### WHAT IS NEEDED
Everything below from the line with "Hotel New Deepak" through the line with "Tololing Top; (inset) Major Vivek Gupta" must be retyped exactly, except the pictures.

Start of PROVIDED RECORDS

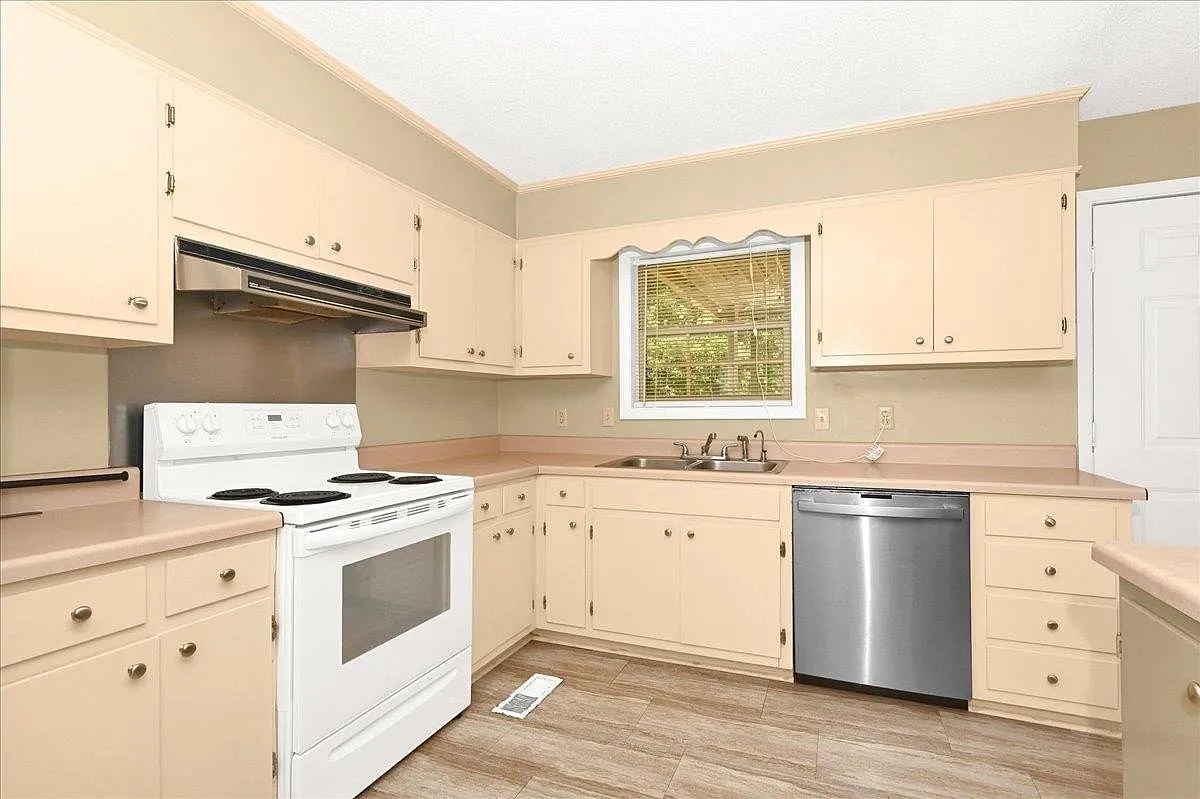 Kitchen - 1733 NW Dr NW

End of PROVIDED RECORDS
Start of PROVIDED RECORDS

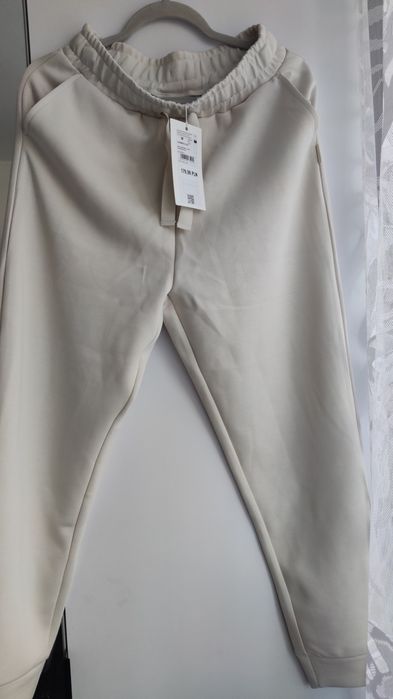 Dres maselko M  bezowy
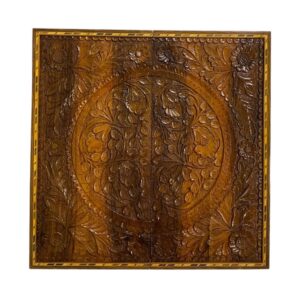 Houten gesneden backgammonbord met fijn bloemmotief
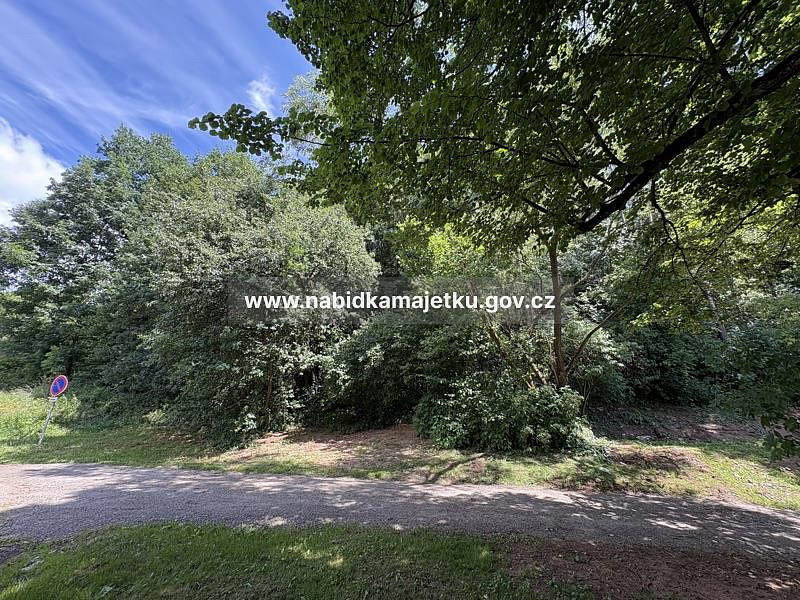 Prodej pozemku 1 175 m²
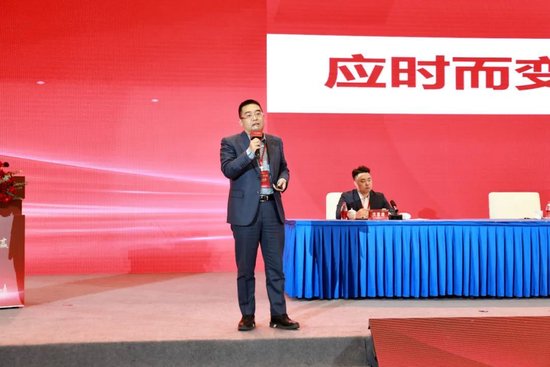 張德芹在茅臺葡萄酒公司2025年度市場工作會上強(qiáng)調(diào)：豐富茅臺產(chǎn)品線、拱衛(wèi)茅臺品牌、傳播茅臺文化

End of PROVIDED RECORDS
Start of PROVIDED RECORDS

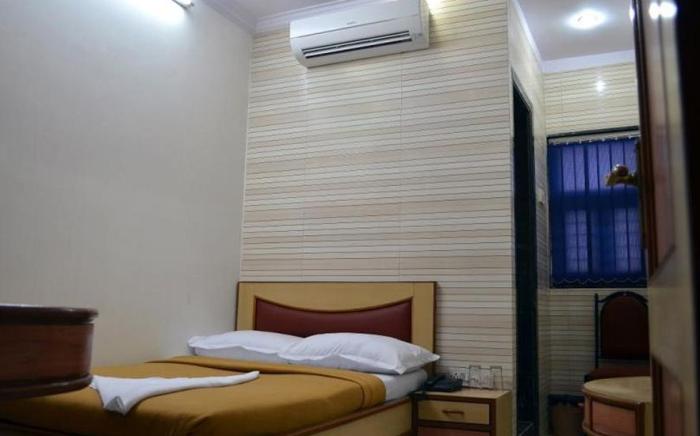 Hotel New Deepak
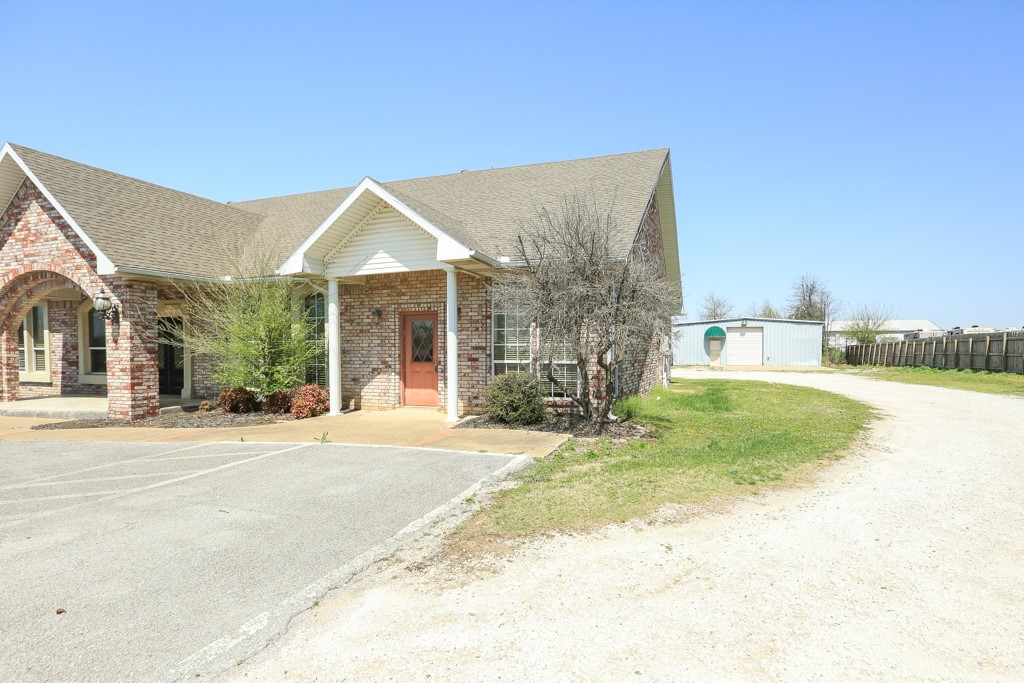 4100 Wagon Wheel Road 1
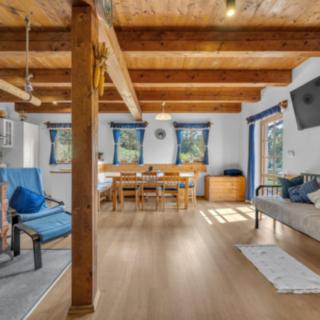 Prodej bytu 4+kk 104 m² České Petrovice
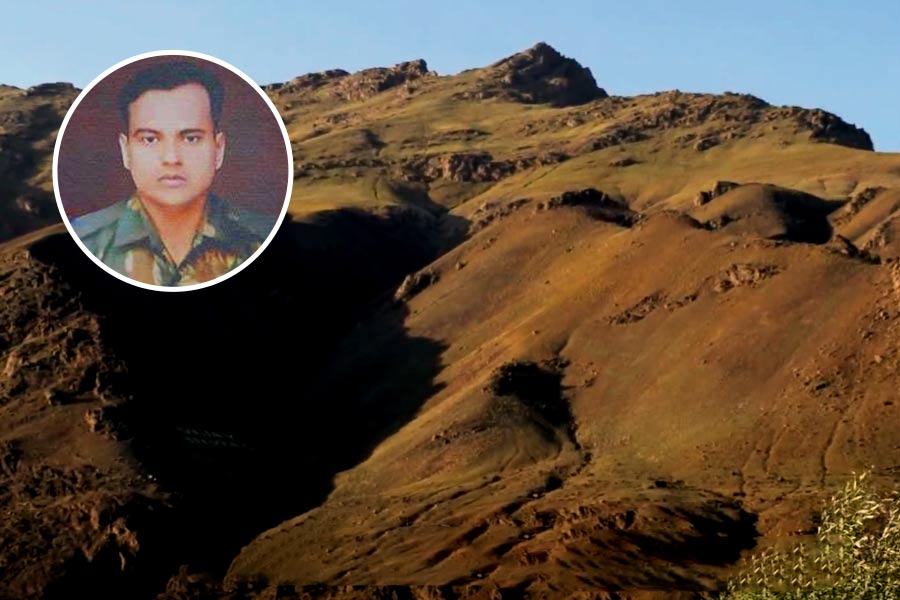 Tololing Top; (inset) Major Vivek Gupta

End of PROVIDED RECORDS

### TASK SOLUTION
 Hotel New Deepak
 4100 Wagon Wheel Road 1
 Prodej bytu 4+kk 104 m² České Petrovice
 Tololing Top; (inset) Major Vivek Gupta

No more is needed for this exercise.